Welcome to Understanding Link Analysis. The purpose of my site is to discuss the methods behind leveraging visual analytics to discover answers and patterns buried within data sets.

Visual analytics provides a proactive response to threats and risks by holistically examining information. As opposed to traditional data mining, by visualizing information, patterns of activity that run contrary to normal activity surface within very few occurances.

We can dive into thousands of insurance fraud claims to discover clusters of interrelated parties involved in a staged accident ring.

We can examine months of burglary reports to find a pattern leading back to a suspect.

With the new generation of visualization software our team is developing, we can dive into massive data sets and visually find new trends, patterns and threats that would take hours or days using conventional data mining.

The eye processes information much more rapidly when information is presented as images, this has been true since children started learning to read. As our instinct develops over time so does our ability to process complex concepts through visual identification. This is the power of visual analysis that I focus on in my site.

All information and data used in articles on this site is randomly generated with no relation to actual individuals or companies.

Introducing User Behavioral Analysis in the Risk Process

Many years ago when I was entering the intelligence community, I attended a class in Virginia where the instructor opened the session with a test that I will never forget and that I have applied to almost every analytic task in my career. At the beginning of the class we were shown a ten-minute video of grand central station at rush hour with tens of thousands of people and were asked if we could find a single pickpocket in the crowd by the end of the video.  At the end of ten minutes no one in the class was able to identify the individual.

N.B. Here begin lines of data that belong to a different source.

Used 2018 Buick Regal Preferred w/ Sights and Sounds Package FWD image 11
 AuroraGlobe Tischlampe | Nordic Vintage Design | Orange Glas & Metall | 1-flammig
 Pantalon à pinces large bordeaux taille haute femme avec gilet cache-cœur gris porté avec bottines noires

The purpose of the class was to stress the importance of looking for behavior at as indication that something is wrong, looking for a person or thing which is not doing or behaving the same way everything else is.  By understanding what is normal in any given place or situation, identifying threats becomes much easier because outliers stand out.  If you want to find a pickpocket in a crowd of people you don’t attempt to look at every person, you understand what the crowd is doing and look for the person who is not doing what the crowd is.

By the end of the class, the video was shown again and every person was able to find the pickpocket within the first three minutes.  Everyone understood how this principal could be applied to everything from counter-terrorism to personal protection and as I realized after entering the field, fraud.  The person who is committing fraud does not behave the same way legitimate people do online.  Even their attempts to look “normal” make them stand out, because their goal is completely different from everyone else on your site.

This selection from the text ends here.